What to produce: An exact copy of all the data below is needed, without its pictures.

Recorded information:
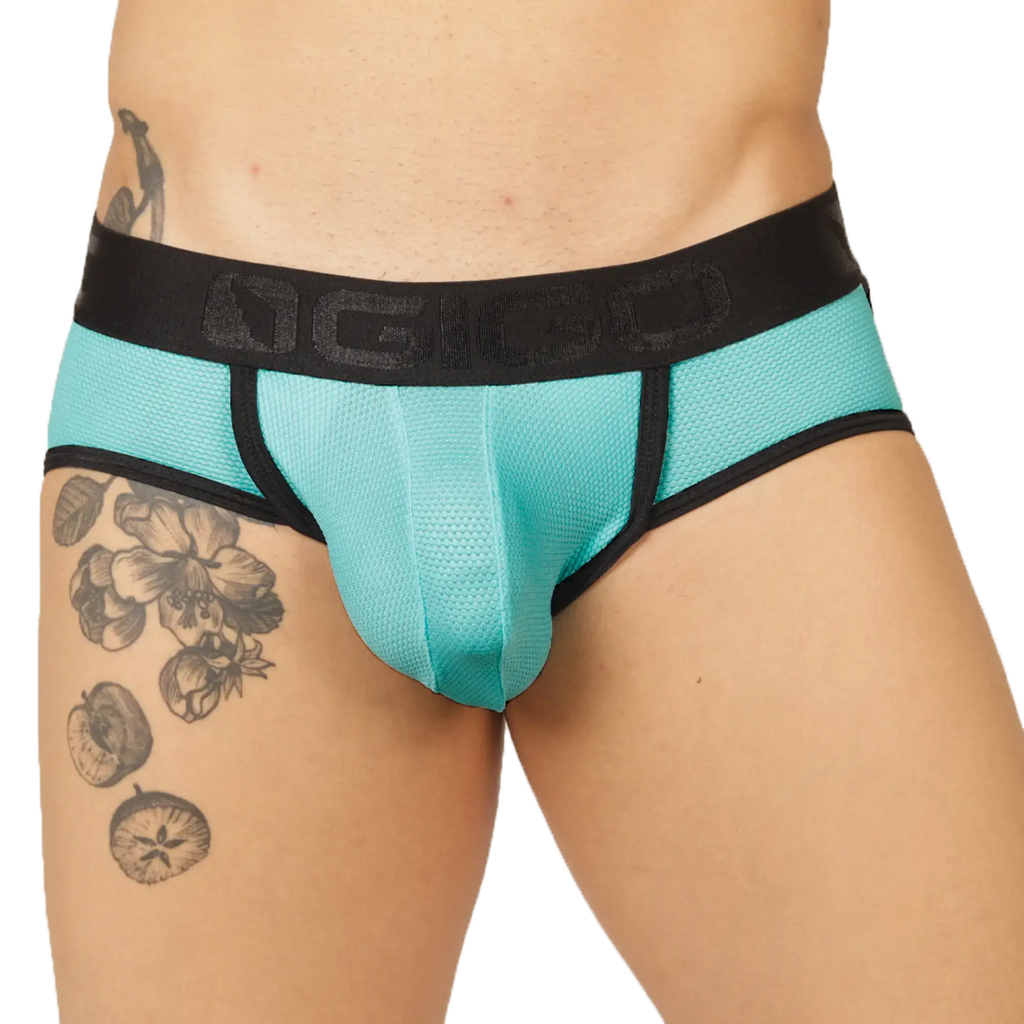 Turquoise mesh briefs with black elastic waistband featuring ngio logo from gigo cool blue jock thong collection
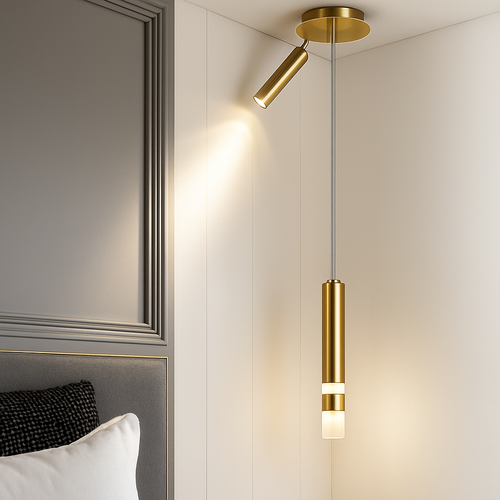 Lustre design LED tube lumineux doré ou noir Amias - vue 5 sur 12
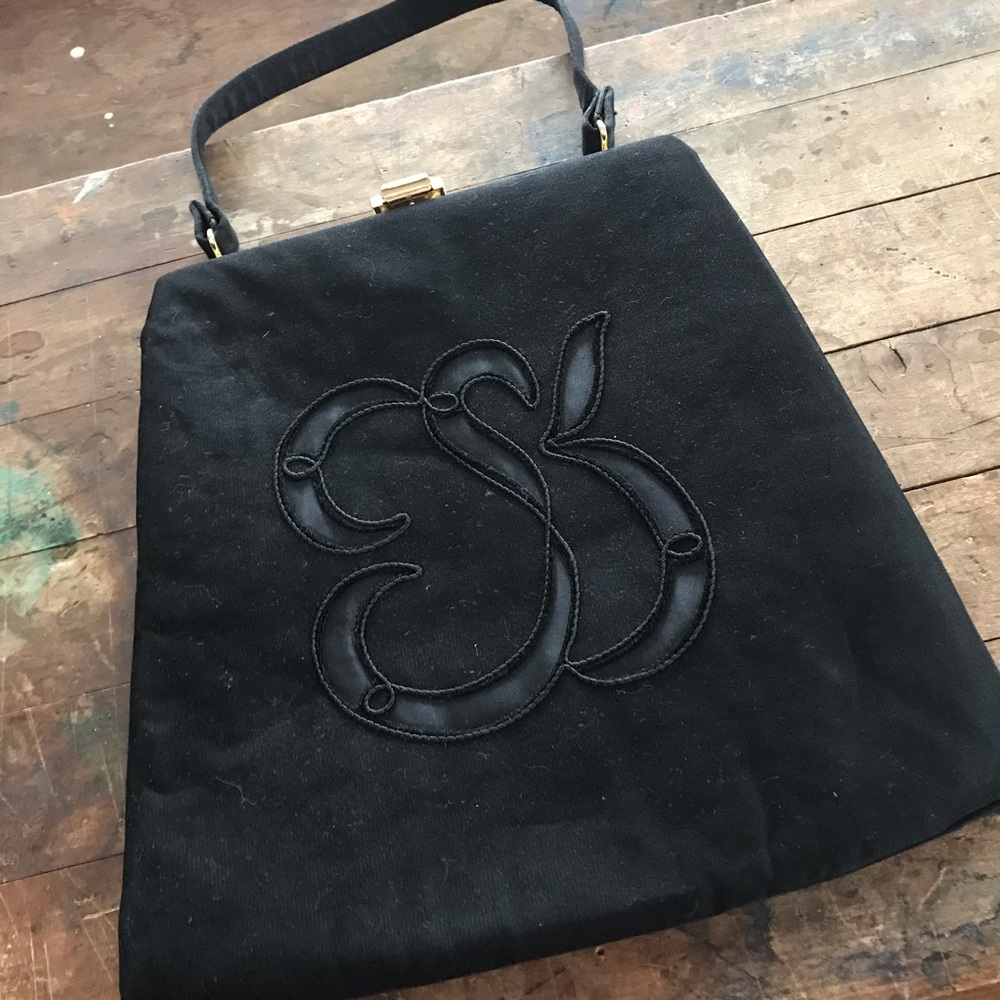 Vintage black handbag faux suede with embroidery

Task response:
 Turquoise mesh briefs with black elastic waistband featuring ngio logo from gigo cool blue jock thong collection
 Lustre design LED tube lumineux doré ou noir Amias - vue 5 sur 12
 Vintage black handbag faux suede with embroidery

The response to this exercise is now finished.